GOAL OF THE EXERCISE: Your response should contain exactly the lines running from the one with "this 350×262 image." to the end of the data below, both included, and no pictures.

PROVIDED DATA:
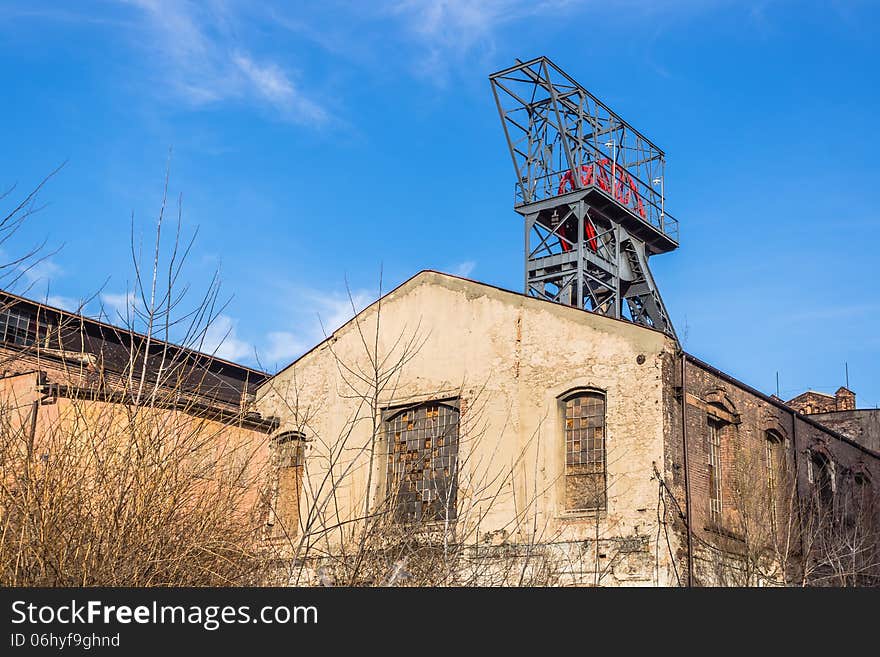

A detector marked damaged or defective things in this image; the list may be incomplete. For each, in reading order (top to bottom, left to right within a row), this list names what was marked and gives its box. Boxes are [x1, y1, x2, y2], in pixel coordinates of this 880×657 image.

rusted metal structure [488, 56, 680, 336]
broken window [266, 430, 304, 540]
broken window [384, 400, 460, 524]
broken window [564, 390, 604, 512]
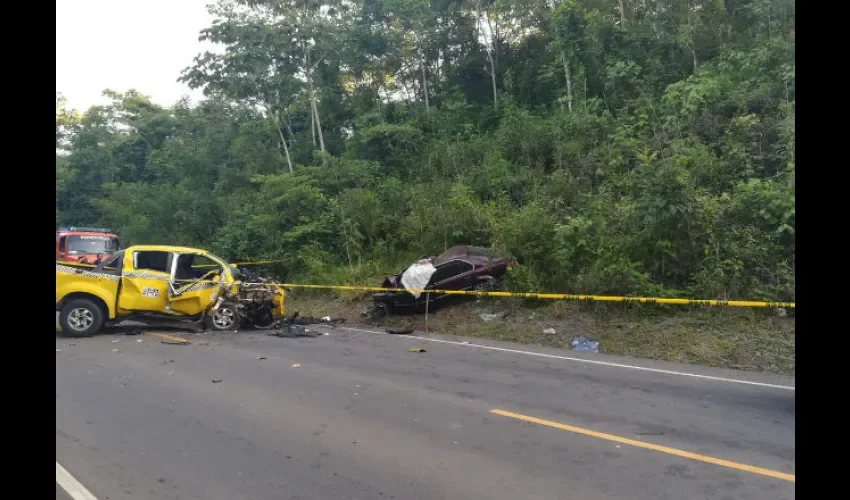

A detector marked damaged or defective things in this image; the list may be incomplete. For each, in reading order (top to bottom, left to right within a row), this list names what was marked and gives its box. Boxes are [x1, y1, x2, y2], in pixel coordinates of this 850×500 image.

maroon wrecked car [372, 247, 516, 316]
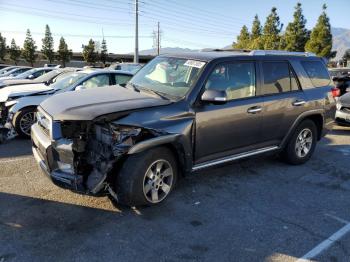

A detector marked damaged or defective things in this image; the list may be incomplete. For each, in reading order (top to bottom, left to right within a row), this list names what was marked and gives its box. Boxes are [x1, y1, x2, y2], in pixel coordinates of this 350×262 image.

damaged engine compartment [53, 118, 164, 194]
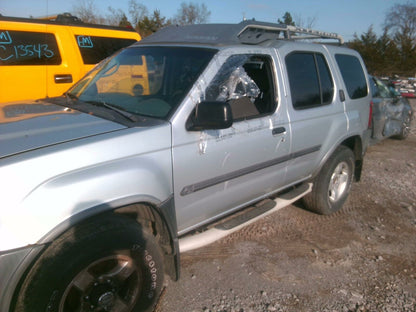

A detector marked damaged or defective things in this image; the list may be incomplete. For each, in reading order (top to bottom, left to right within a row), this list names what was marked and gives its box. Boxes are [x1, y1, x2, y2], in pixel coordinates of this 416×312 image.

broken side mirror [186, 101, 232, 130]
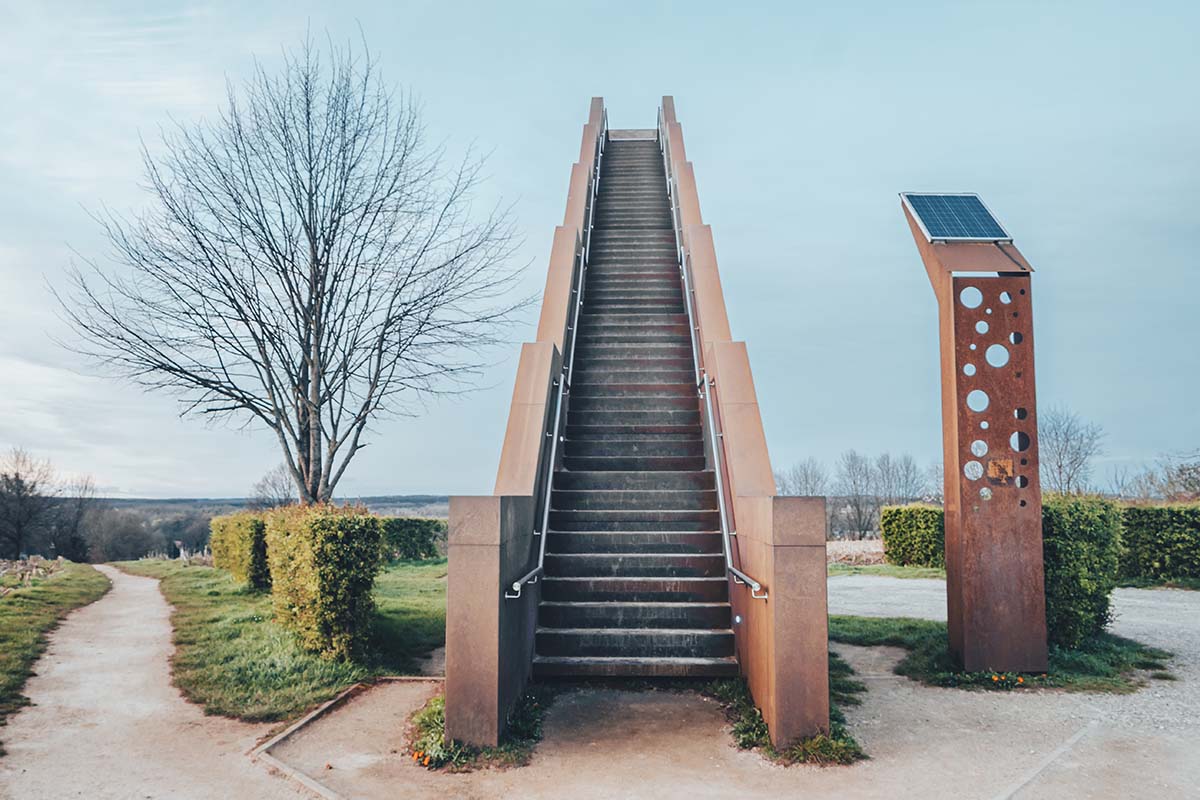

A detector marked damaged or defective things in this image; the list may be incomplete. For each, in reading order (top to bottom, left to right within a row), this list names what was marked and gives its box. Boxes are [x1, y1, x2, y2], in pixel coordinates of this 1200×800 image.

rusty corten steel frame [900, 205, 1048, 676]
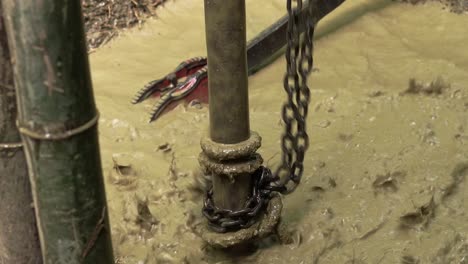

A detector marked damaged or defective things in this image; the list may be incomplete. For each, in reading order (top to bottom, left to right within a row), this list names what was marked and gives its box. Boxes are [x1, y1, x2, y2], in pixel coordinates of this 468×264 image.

ANSWER BOX:
A detector marked damaged or defective things in this image; the list may be incomplete. For each, in reading order (top to bottom, left to right within a row), this list names what was marked and gives its box. Boxes are [x1, y1, x2, y2], in pixel coordinates of this 350×262 image.

damaged engine compartment [53, 118, 164, 194]

A detector marked damaged or defective things in this image; the list may be incomplete. For each, in reading order (top to bottom, left to right within a row), this list names what was marked and gives its box. Boxes are [x1, y1, x2, y2], in pixel coordinates of this 416×312 image.

broken side mirror [186, 101, 232, 130]

A detector marked damaged or defective things in this image; the list may be incomplete. For each, in reading order (top to bottom, left to right within a row), this list names what was marked and gives its box. Boxes are [x1, y1, x2, y2], in pixel coordinates of this 1200×800 image.

rusty corten steel frame [900, 205, 1048, 676]

A detector marked damaged or defective things in this image; the list may be incomplete. For each, in reading order (top to bottom, left to right within a row), this list names what was marked and gives its box. Boxes are [x1, y1, x2, y2], in pixel coordinates of this 468×264 image.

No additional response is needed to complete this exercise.